Portugal recomeçou a arder

João-Afonso Machado, 19.07.12

Era preciso menos televisão e mais acção. Preventiva, combativa e repressiva, é claro. Nem todos terão vivido um incêndio às portas da casa. O susto das chamas a lavrar terreno, o calor que acresce ao calor natural, já de si extenuante, o medo, a sensação de impotência.

Quantos partilharam a angústia da destruição total? Do lar ardido, de uma vida consumida pelas labaredas, da fatalidade que não deixa alternativa à fuga, apenas à fuga mais o que caiba nos bolsos e nos sacos que as mãos comportem?

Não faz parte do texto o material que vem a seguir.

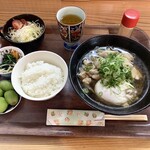 OHANA - 料理写真:日替わりランチ (B)
◆ 鶏そば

Quanta gente não presenciei chorando apavorada ante a sensação da miséria próxima, de um amanhã acordado somente em cinzas!

Para não variar, o País arde, uma vez mais. É assim, em cada vaga de calor. Há quantas décadas já?

Afoguem o fogo e os eufemismos. Os incêndios são obra da vontade humana. Facilitados, sem dúvida, pelo desleixo ou pelo caos urbanistico; mas sempre, e inquestionavelmente, resultado da vontade humana. Assente ela na motivação em que assentar.

Madeira, Algarve, Beira Interior... Mais o que virá enquanto não vier o frio!

In illo tempore participei armado em muitas vigílias nocturnas (porque será que o lume tende a atacar à noite?...) de matos. Disparei até, nessas circunstâncias. E gozei o resultado de a "brincadeira" não voltar a repetir-se.

Que isto seja lido não como um incentivo ao milicianismo popular. Somente, quem sofre os efeitos dos incêndios é, essencialmente, a nossa gente. O ser humano. E os desgraçados bombeiros são - heroicamente - um remedeio. Nunca percebi porque o Estado não dispõe de meios que evitem o seu sacrifício. Friso: o sacrifício das suas próprias vidas!

 

 

Premonições autárquicas

João-Afonso Machado, 17.07.12

Manhã a consultar um processo complicado no Tribunal de Gondomar. Muito calor (35º) e o cliente ao lado, compreensivamente ansioso. Realizada a função -  desculpe lá a excentricidade, mas já agora levarei umas fotografias do pouco que resta entre estes pináculos de betão... E peguei na máquina. Restava o edifício da Câmara Municipal, quase nada mais.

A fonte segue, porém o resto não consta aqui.